I need to apply [1] to see the WARNING: suspicious RCU usage splat at 
all, I guess there is a WARN_ONCE somewhere. But with this patch applied 
the splat is gone when resuming and WoL works.

Tested on R-Car M3N with NFS root on the interface used for WoL.

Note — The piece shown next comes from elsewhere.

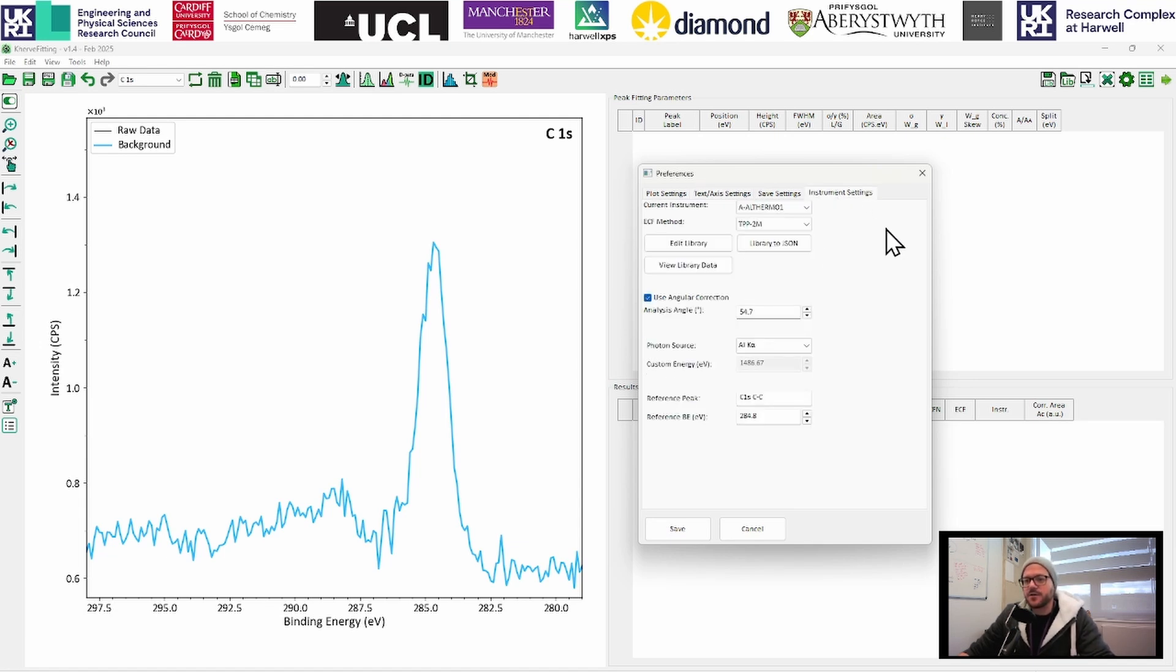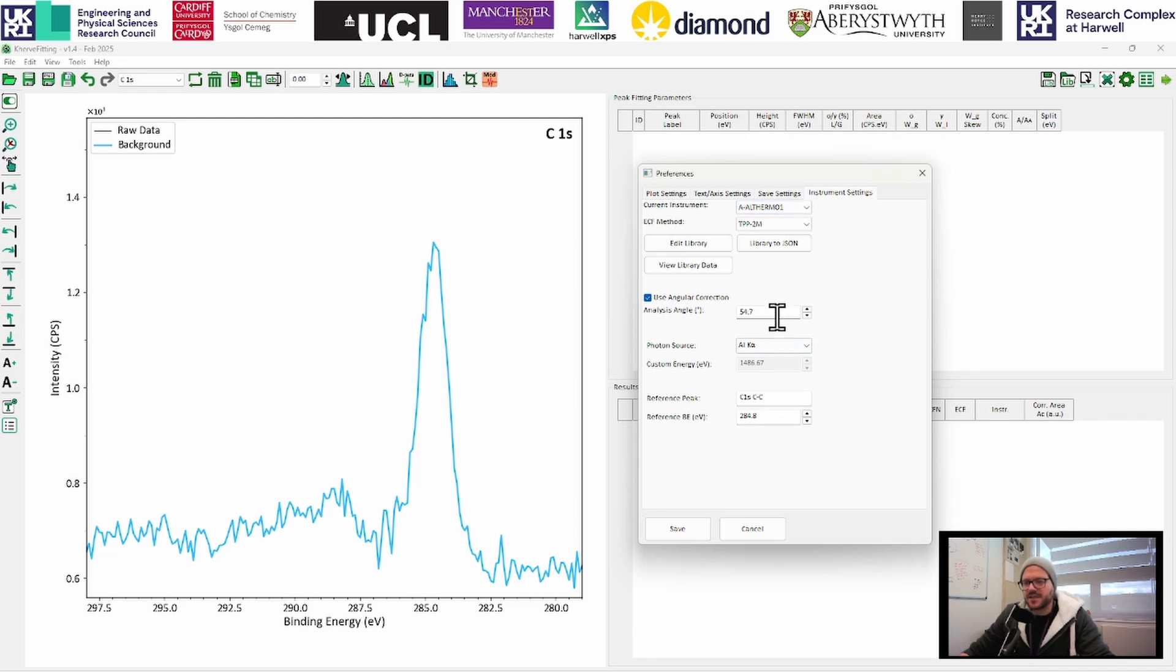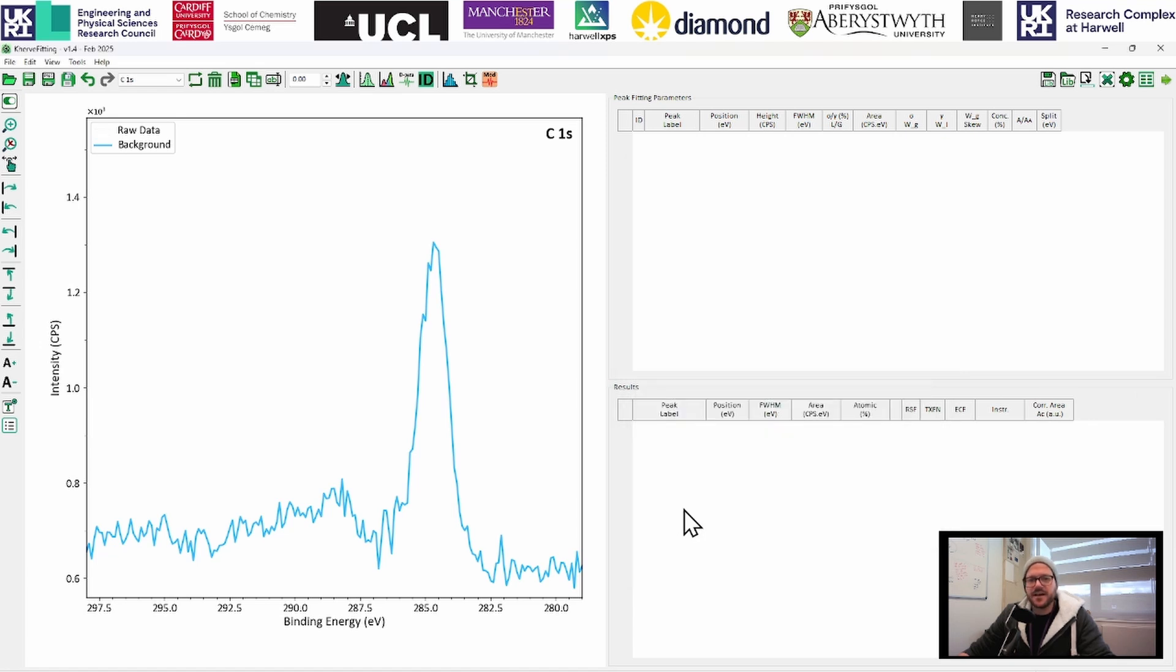If you go into the instrument settings, very useful functions in here, you can see this is just pulled from the metadata in the VAMAS file that I've opened. And you can see all the different options here. If you want to change any of your instrument settings or change the library you're using, then you can do so from there. But for now, we're just going to click save and get on with the first stage of the processing.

Tested-by: Niklas Söderlund <niklas.soderlund+renesas@ragnatech.se>

1. [PATCH] gpio: rcar: Use raw_spinlock to protect register access

> ---
>  drivers/net/ethernet/renesas/ravb_main.c | 19 +++++++++++++++----
>  1 file changed, 15 insertions(+), 4 deletions(-)
> 
> diff --git a/drivers/net/ethernet/renesas/ravb_main.c b/drivers/net/ethernet/renesas/ravb_main.c
> index bc395294a32d..2c6d8e4966c3 100644
> --- a/drivers/net/ethernet/renesas/ravb_main.c
> +++ b/drivers/net/ethernet/renesas/ravb_main.c
> @@ -3217,10 +3217,15 @@ static int ravb_suspend(struct device *dev)
>  
>  	netif_device_detach(ndev);
>  
> -	if (priv->wol_enabled)
> -		return ravb_wol_setup(ndev);
> +	rtnl_lock();
> +	if (priv->wol_enabled) {
> +		ret = ravb_wol_setup(ndev);
> +		rtnl_unlock();
> +		return ret;
> +	}
>  
>  	ret = ravb_close(ndev);
> +	rtnl_unlock();
>  	if (ret)
>  		return ret;
>  
> @@ -3245,19 +3250,25 @@ static int ravb_resume(struct device *dev)
>  	if (!netif_running(ndev))
>  		return 0;
>  
> +	rtnl_lock();
>  	/* If WoL is enabled restore the interface. */
>  	if (priv->wol_enabled) {
>  		ret = ravb_wol_restore(ndev);
> -		if (ret)
> +		if (ret)  {
> +			rtnl_unlock();
>  			return ret;
> +		}
>  	} else {
>  		ret = pm_runtime_force_resume(dev);
> -		if (ret)
> +		if (ret) {
> +			rtnl_unlock();
>  			return ret;
> +		}
>  	}
>  
>  	/* Reopening the interface will restore the device to the working state. */
>  	ret = ravb_open(ndev);
> +	rtnl_unlock();
>  	if (ret < 0)
>  		goto out_rpm_put;
>  
> 
> -- 
> 2.34.1
>
Sergey Shtylyov Jan. 22, 2025, 6:33 p.m. UTC | #2
Hello!

  My Cogent Embedded tenure is long over, so I dropped my old email... :-)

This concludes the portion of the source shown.